Obviously there were other methods of divination with far more historical documentation, but so long as you don't fool yourself that you're doing exactly the same thing as the Vikings, Saxons or Goths did centuries ago, a culturally informed runic divination method (such as that of the Armanen system) is just fine. Remember, Germanic magick changed and evolved, just as the religious practices did. That doesn't mean "anything goes", but it does mean that not all change or innovation is bad. So long as it's rooted in the same culture, symbolism, cosmology and fundamental Indo-European values, modern runic divination (including Armanen divination) is simply the logical newest step in this long and vibrant history. Our runic path doesn't require fanatical stasis with regard to tradition - rather it only requires loyalty to the deeper immanence of the immortal Aesic and Vanic culture, leaving the tradition and rituals free to evolve to fit the changing needs and challenges of the age.

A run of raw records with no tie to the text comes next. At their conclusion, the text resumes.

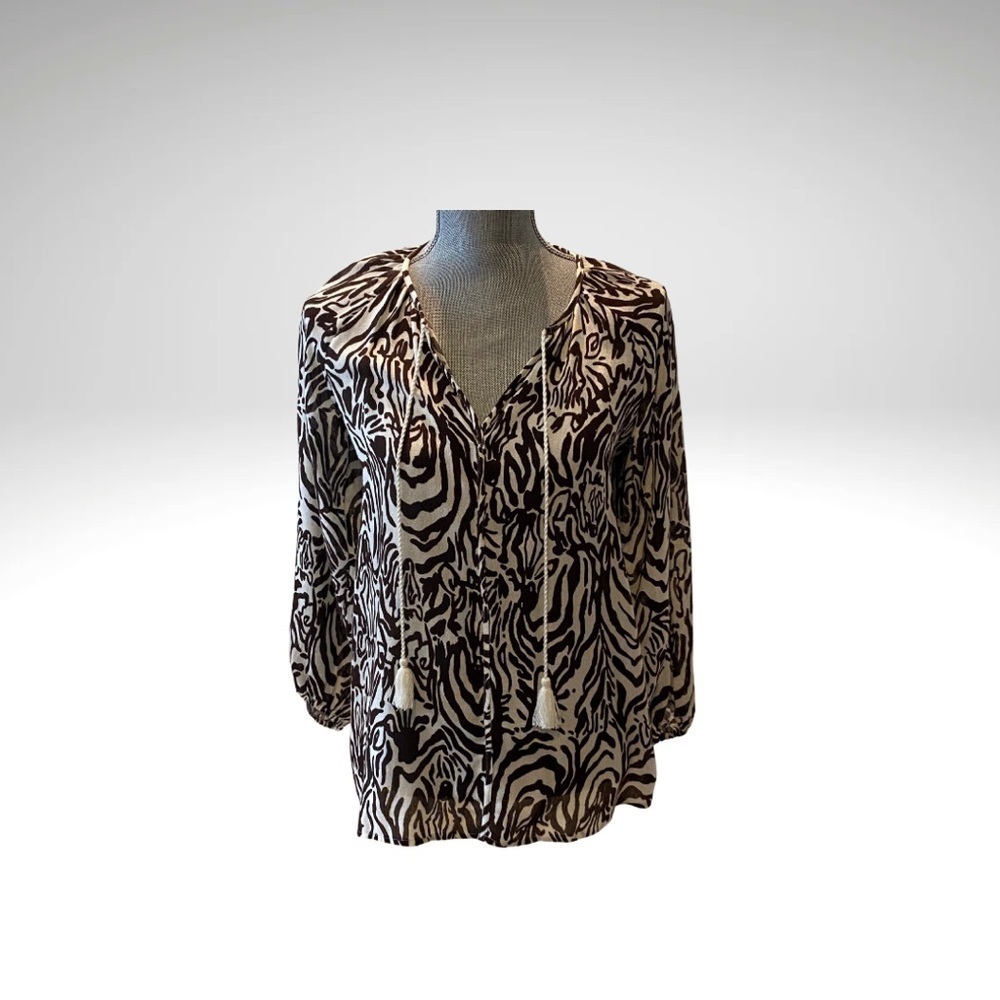 EUC Lily Pulitzer Brown & Ivory Tunic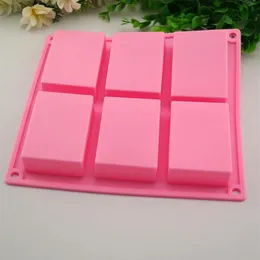 Cake Tools 6 Cavities Handmade Rectangle Square Silicone Soap Mold Chocolate DOOKIES Mould Cake Decorating Fondant Molds289h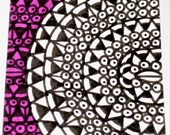 Original Drawing ACEO Black and White with Magenta Background Design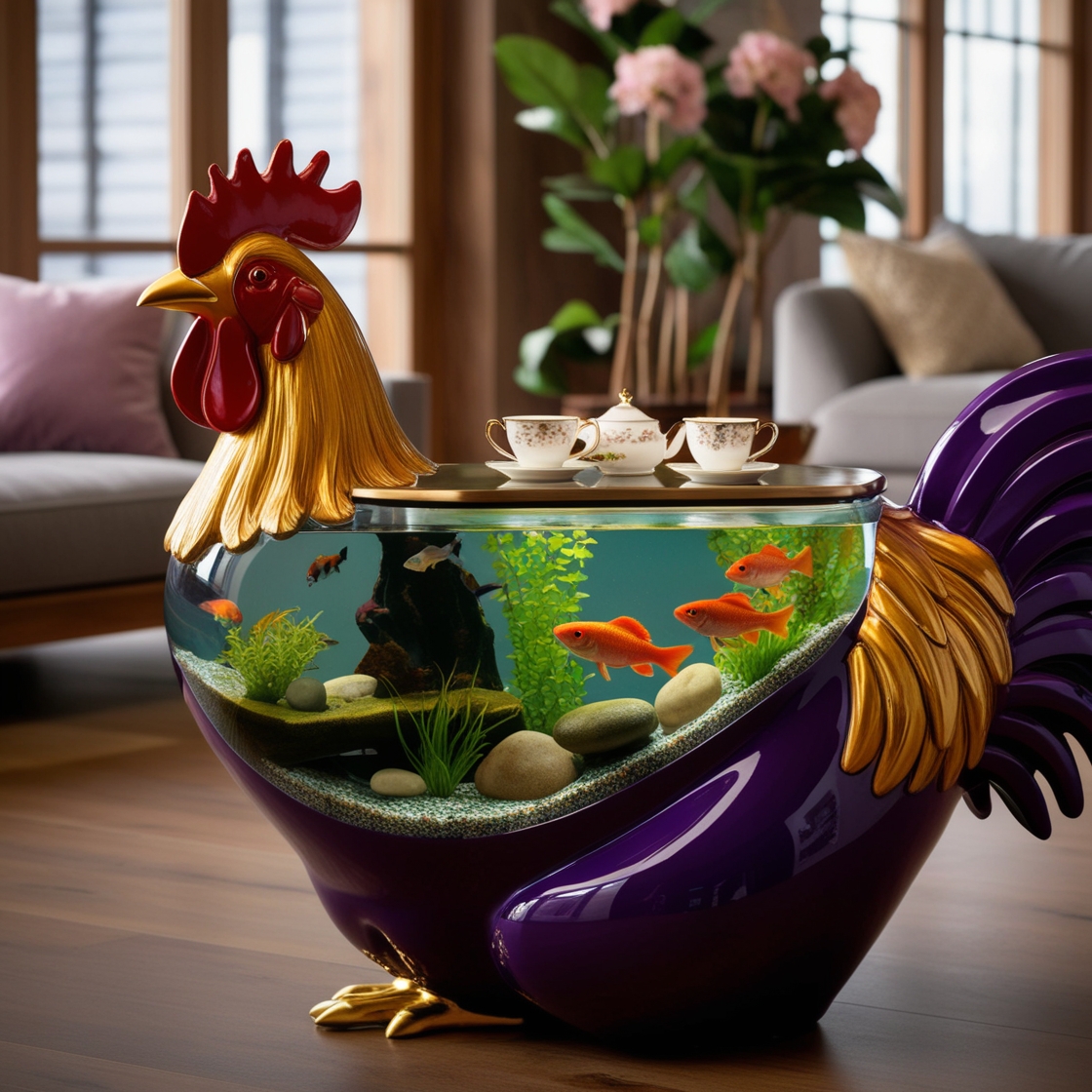 Bring Nature Indoors: Discover the Elegance of Rooster Aquarium Coffee Tables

(Beware though, there is a vast difference between evolution of rituals and blatant bastardization of them - I am certainly not treating all the new-age "wiccatru" hucksters or their Tarot-plagiarized methods as an authentic "evolution" of Runic culture).

By the way, the fact that the Armanen runes are a recent reconstruction isn't all that unusual in an Ásatrú context. They are a modern reconstruction of the Odinic runes, intended for a modern reconstructed Heathenry, which is exactly what we have today. And runic divination is itself a modern practice (even if it uses ancient symbols) which at best can only claim to be a reconstruction anyway. And given that the Armanen meanings are still based on Germanic culture, word-roots, cosmology and Lore, debating over whether divination with any other rune row is any more "historically valid" is a moot point. This is why the Armanen runes essentially are traditional now in Germany, Austria, and German-influenced kindreds around the world: they are deeply rooted in the culture, and suit the needs of the time. And they exist, in some form, in the other rune rows anyway.

If you decide to use another rune row besides Armanen for divination, that's perfectly fine too. Just don't fool yourself that it's any more "historical" since runic divination itself is a modern practice, regardless of the rune row used. So long as you at least use culturally valid symbolism and meanings based on what little does survive (the non-Christianized segments of the medieval rune poems, the Hávamál, the Sagas, and the runic root-words of the Germanic tongues themselves) then it's really a matter of which rune system works best for you. Whether you prefer the Armanen system's complete "ready-to-go" set of exoteric, esoteric and reversed meanings, Listian mantras and corresponding Hávamál verses, or some other (equally reconstructed) meanings for the more "traditional" rune rows, any runic divination based in Germanic culture is an equally valid Germanic magickal practice for our present age - just don't forget that it was the Armanen masters who actually started the whole thing (for our era, at least).

And it's a heck of a lot better than following the misleading and confused “every rune means everything” BS that pop-spirituality charlatans try to pass off as “ancient and authentic” by hiding behind the “Elder” Futhark and using it as a cover to justify nearly anything their whims can cook up.